Pelaksanaan dua kegiatan tersebut dilakukan selama 2 hari secara paralel. Untuk kegiatan Workshop CORSIA dilaksanakan tanggal 11 s.d. 12 Desember 2017 dengan mengundang narasumber dari Direktorat Jenderal Perhubungan Udara, Airbus, Vertis dan perwakilan dari Garuda Indonesia. Workshop CORSIA ini merupakan tindak lanjut dari program kerjasama antara Ditjen Perhubungan Udara dengan Airbus yang ditandatangani September 2016 lalu pada saat the ICAO Assembly 39th Session di Montreal.
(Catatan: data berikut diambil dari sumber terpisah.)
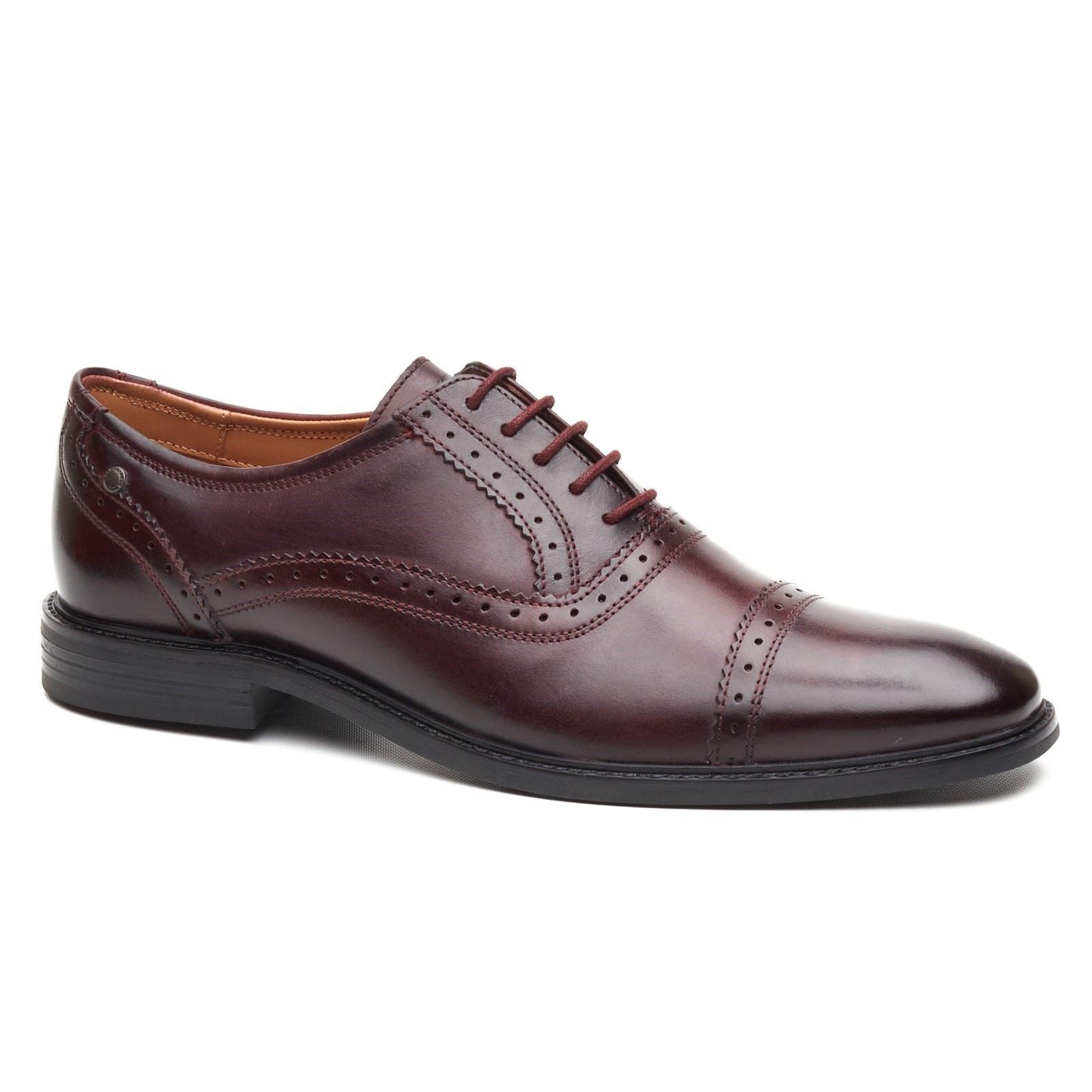 Bordo leather Oxford shoes with brogue detailing, featuring a sleek design, lace-up closure, and a polished finish, ideal for formal occasions.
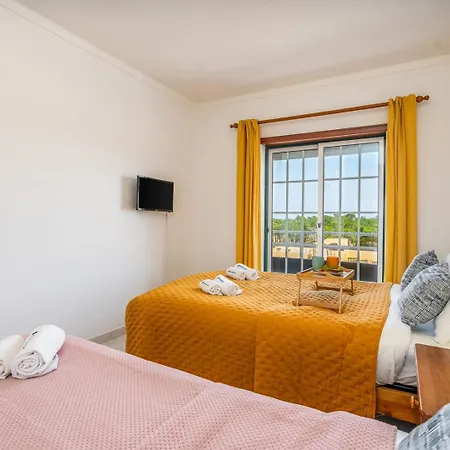 Classic & Spacious Flat W/ Balcony By Hostwise Daire *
Menurut Yusfandri, pada tanggal 5 Desember 2017 lalu, Ditjen Perhubungan Udara telah menerima ICAO State Letter terkait proposal pertama dari paket CORSIA Standard and Recommended practices (SARP). Selanjutnya, Ditjen Perhubungan Udara akan mengundang operator penerbangan untuk bersama-sama mengevaluasi proposal SARP tersebut untuk selanjutnya menyerahkan hasil masukan-masukannya kepada ICAO paling lambat 5 Maret 2018.
Di sela-sela kegiatan pada hari ini, dilakukan pula pertemuan bilateral antara The Civil Aviation Authority of Thailand (CAA) dan Direktorat Jenderal Perhubungan Udara yang akan secara khusus membahas skema kerjasama dalam persiapan implementasi CORSIA pada masing-masing negara. Pertemuan ini merupakan kelanjutan dari pertemuan pertama di Bangkok pada akhir Oktober 2017 lalu.
Sementara itu, kegiatan Sosialisasi ACERT dilaksanakan pada tanggal 11 Desember 2017 dipandu dengan narasumber dari Ditjen Perhubungan Udara, Airport Council International (ACI) dan Angkasa Pura II. Terkait Sosialisasi ACERT, Yusfandri menyampaikan pentingnya pemantauan emisi di bandara dengan menggunakan formulir ACI yang dikenal dengan Airport Carbon Emission Reporting Tool (ACERT).
“Karena Penggunaan ACERT dianggap sebagai alat yang sangat penting untuk memantau dan menciptakan penggunaan energi dan emisi yang dapat memberikan data dan informasi rinci untuk operator bandara serta dapat mengoptimalkan pemanfaatan energi dan pemetaan langkah-langkah mitigasi emisi,” jelas Yusfandri.
Dia menghimbau kepada peserta agar kesempatan ini dimanfaatkan untuk mengevaluasi keuntungan dalam monitoring energi dan emisi di bandara dengan format yang standard sehingga dapat ditingkatkan level akreditasinya di tingkat internasional. Sosialisasi ACERT ini dihadiri kurang lebih 25 orang peserta yang berasal dari operator bandar udara, otoritas bandar udara dan internal Ditjen Perhubungan Udara.